The Salzburg Regional Administrative Court revokes the permit to shoot a wolf
The court confirms the strict European protection status of wolves and grants an appeal against the shooting decision, stating that the decision of the district authority St. Johann/ Pongau has procedural as well as substantive deficiencies:
From a procedural point of view, the exemption permit should have been granted to the applicant - i.e. agricultural community - instead the permit was granted to the authorized hunters. In terms of content the court elaborates that at the time of the decision (December 2020) there is no longer any "serious damage" (e.g. to livestock) that could be prevented. In fact, the wolf has not appeared in the respective area for several months. The European law prescribes the use of alternative means such as herd protection or dissuasive measures, before a wolf is allowed to be killed. Exceptions are only permitted if there is no other satisfactory solution. However, the original shooting decision fails to provide substantial evidence why an alternative to killing the animal is not feasible. Furthermore, it cannot be ruled out that another wolf will be removed in the event of a lethal removal. The court also repeats that Art 16 FFH-Directive is to be interpreted restrictively and that the authority has to prove that the requirements for granting an exemption are met.
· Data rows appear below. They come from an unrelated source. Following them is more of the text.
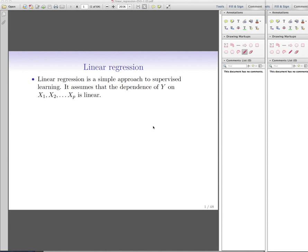Welcome to another series of lectures in the data mining course. Today we are going to talk about linear regression lines. We are first going to work on the definitions of linear regression lines and then we will adopt some more advanced techniques and see how we can play with these linear regression lines.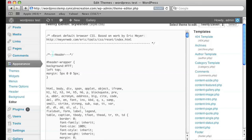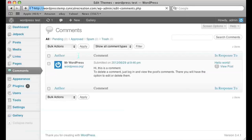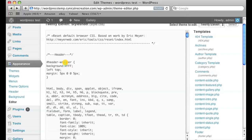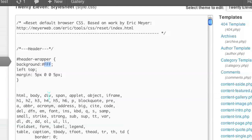That should open up the main style sheet for the theme that you're using. Once you're there, just scroll around and look for something that looks like this. It says header and it has a header wrapper. Right now the background is set to white and the margins are set to five pixels on either side.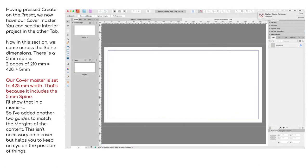Having pressed Create on the preset, we now have our cover master. You can see the interior project in the other tab at the top of the screen. Now in this section, we come across the spine dimensions. There is a 5 mm spine.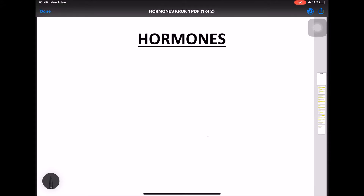Hi everyone, this is Vignesh from Easy Way to Learn Medicine. Today we are going to see an important topic: MCQ discussion from the topic of hormones in a Krok 1 examination.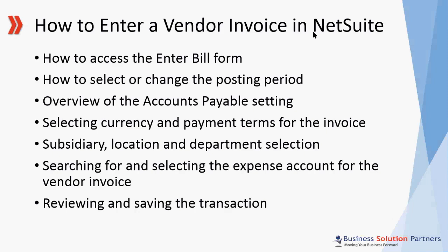Welcome to this short video on how to enter a vendor invoice in NetSuite. This video is presented by Business Solution Partners.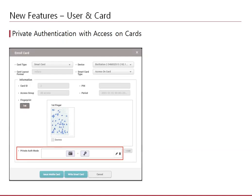In previous versions of BioStar 2, the access on card authentication mode could only follow the configuration of the device. Now, you have the option to use the private authentication mode for access on cards. Note that this doesn't apply to secure credential cards.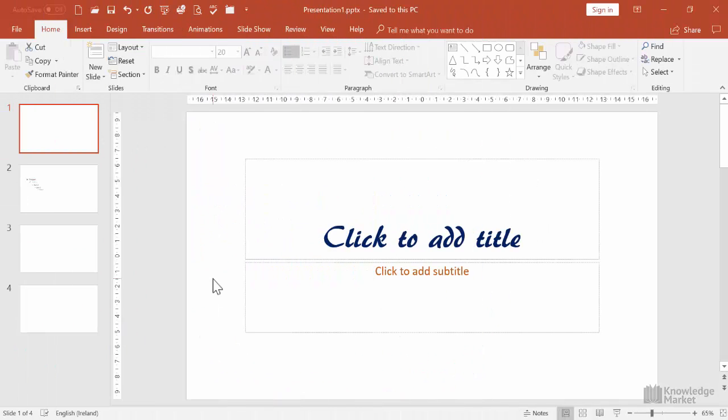Whether our presentation is 20 slides long or 120 slides long, if we need to add a logo to all slides, then we add it to the slide master. Now we're going to use a shape as a stand-in for a company logo and we'll add that shape or logo to the slide master.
Aarhus Committee demands legal protection against state aid decisions related to the environment
Environmental organisations must have the possibility to appeal against decisions of the European Commission on state aid which are related to the environment, the Aarhus Convention Compliance Committee (ACCC) states in a recently published draft decision. This decision will also influence the ongoing review of the Aarhus Regulation ((EC) No 1367/2006) and may be of interest with regard to national procedures in this area.